But when Chase Clement took the ball in to score the first snap after resumption of play, it looked as if the Owls were in the process of righting the ship once again.

An aroused Rice defense shut down the Colonel attack on the ensuing possession, thanks mainly to key defensive plays by Dietrich Davis and Brian Raines. The Owls resultingly wound up with good field position at their own 44, with five minutes to go in the third quarter.

Now the road map seemed simple – just run the offense they way we ran it all the time last year. Pick up a score or two, avoid pinning the Owl defense back by inopportune giveways -- and the game is won.
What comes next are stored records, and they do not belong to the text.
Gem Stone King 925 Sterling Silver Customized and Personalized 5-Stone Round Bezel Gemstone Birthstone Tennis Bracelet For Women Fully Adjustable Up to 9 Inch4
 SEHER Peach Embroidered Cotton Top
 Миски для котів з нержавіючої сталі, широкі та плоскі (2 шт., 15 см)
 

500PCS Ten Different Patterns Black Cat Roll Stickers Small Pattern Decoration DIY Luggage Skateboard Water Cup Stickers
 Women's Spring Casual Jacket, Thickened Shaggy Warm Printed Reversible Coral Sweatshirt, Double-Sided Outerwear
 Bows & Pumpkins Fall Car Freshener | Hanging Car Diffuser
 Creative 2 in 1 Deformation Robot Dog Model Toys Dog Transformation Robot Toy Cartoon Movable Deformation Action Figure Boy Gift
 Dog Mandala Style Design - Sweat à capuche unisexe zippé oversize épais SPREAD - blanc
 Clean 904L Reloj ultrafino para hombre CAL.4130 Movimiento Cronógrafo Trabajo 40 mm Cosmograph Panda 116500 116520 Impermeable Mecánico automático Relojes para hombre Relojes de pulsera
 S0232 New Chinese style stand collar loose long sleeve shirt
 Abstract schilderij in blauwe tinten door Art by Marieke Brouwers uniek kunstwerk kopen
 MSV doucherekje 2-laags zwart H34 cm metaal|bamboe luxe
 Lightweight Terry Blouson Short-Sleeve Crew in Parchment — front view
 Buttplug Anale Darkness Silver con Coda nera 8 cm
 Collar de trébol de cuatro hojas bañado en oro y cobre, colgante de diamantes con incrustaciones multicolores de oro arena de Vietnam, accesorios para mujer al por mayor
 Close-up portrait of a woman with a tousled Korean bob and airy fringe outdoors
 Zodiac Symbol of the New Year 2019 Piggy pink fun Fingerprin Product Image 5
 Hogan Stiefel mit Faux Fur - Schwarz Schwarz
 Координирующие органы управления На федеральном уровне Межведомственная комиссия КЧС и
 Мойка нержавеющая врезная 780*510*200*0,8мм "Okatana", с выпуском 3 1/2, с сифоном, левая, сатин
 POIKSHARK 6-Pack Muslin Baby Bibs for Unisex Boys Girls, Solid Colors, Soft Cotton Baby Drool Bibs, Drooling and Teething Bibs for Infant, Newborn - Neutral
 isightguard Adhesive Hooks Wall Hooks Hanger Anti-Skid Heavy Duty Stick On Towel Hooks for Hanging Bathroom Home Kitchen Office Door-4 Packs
Perhaps it was the constant rain falling throughout the second half, but perhaps it was something much more fundamental than that. In any event, the Owls jsut weren’t able to get the offense cranked up after that.

The Owls’ two possessions after their second touchdown drive ended in a punt and another Chase Clement interception deep in Rice territory. The Colonels were in field goal range after that takeway, but matters turned from grim to much better when Owl defenders Willie Garley and Brian Raines stripped the ball from NSU QB Montgomery and the Feathered Flock got the pill right back at their own 27. 

But once again the Institute Boys marched backwards as NSU’s Jarius Jarvis managed a sack of an indecisive Chase Clement to give the Owls fourth and 20 at their own 17.

The ensuing punt protection just wasn’t there, as NSU linebacker Garrick Spain ran through it like water to block the Luke Juist punt attempt. The Owls managed to smother the ball in their own end zone and wind up thereby giving up only two points instead of six or seven.

That that wound up not making any difference, though, for the Owl offensive brain trust was through for the night, as if it had even shown up to begin with.

"We probably weren't ready for what Nicholls State had," a subdued Jarett Dillard said early Sunday morning, a few minutes after the sorry spectacle ended. . "We watched them on game film, but I think offensively we probably underestimated their secondary as well as their D-line. We made some poor decisions - the whole unit."

"Next time, we will not go into any game underestimating anybody."

But this one frankly was so, so bad, that it almost precludes the possibility of their being a meaningful "next time" this season – and one may expect that certainly  to be so in the minds of every scribe and competing fan, upon hearing the score of htis game.

And to think that Rice had the chance to toss out this stinker and take a mulligan.